Federal inmate pleads guilty in scheme to distribute synthetic cannabinoids in prison


Date: June 8, 2020

Contact: newsroom@ci.irs.gov

PITTSBURGH – Robert Korbe pleaded guilty to conspiring to distribute Schedule I synthetic cannabinoid controlled substances while in federal prison between 2017 and 2019.

Korbe formerly of Allegheny County pleaded guilty before United States District Judge J. Nicholas Ranjan. Judge Ranjan scheduled sentencing to occur on August 3, 2020, at 10:30 a.m. Korbe was serving a federal prison sentence at FCI-Loretto in 2018 when he conspired to distribute the synthetic cannabinoid controlled substances soaked into paper, sometimes referred to as "K2 paper," supplied by former federal inmates who had been released to supervised release.

The law provides for a maximum sentence of up to 30 years in prison and a fine of up to $2,000,000. Under the Federal Sentencing Guidelines, the actual sentence imposed will be based upon the seriousness of the offense and the prior criminal history of the defendant.

Assistant United States Attorney Craig W. Haller is prosecuting this case on behalf of the United States.

The Internal Revenue Service – Criminal Investigation , the Drug Enforcement Administration, the Federal Bureau of Prisons, and the Pennsylvania Office of Attorney General led the multi-agency investigation that also included the United States Postal Inspection Service, the Beaver County District Attorney's Office, the Department of Homeland Security/Homeland Security Investigations, the Pittsburgh Bureau of Police, the United States Marshals Service, the Pennsylvania State Police, the Munhall Police Department, the Robinson Township Police Department, the McKees Rocks Police Department, the Stowe Township Police Department, the Etna Police Department, and the Erie County District Attorney's Office.

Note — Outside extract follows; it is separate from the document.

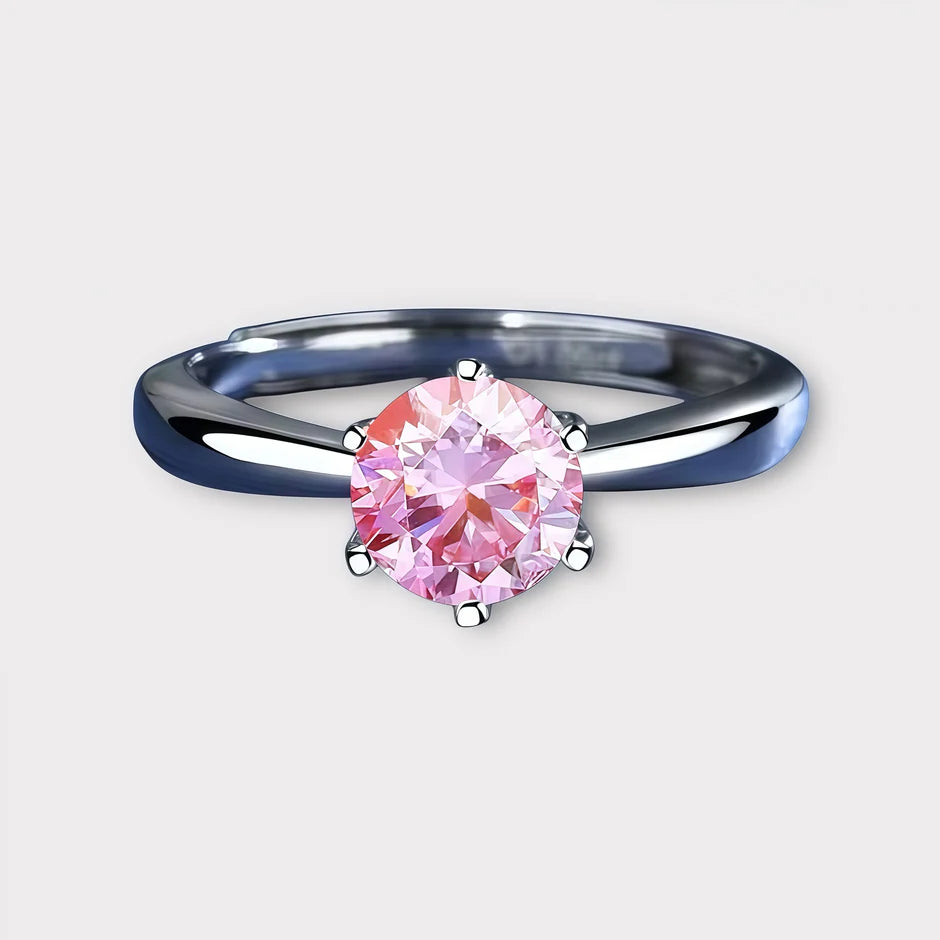 Moissanite Stud Rings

This case is part of the Organized Crime Drug Enforcement Task Force program, known as OCDETF. OCDETF was established in 1982 to support comprehensive investigations and prosecutions of major drug trafficking and money laundering organizations. It is the keystone of the drug reduction strategy of the Department of Justice. By combining the resources and expertise of federal agencies and their state and local law enforcement partners, OCDETF identifies, disrupts, and dismantles the most serious drug trafficking, money laundering, and transnational criminal organizations.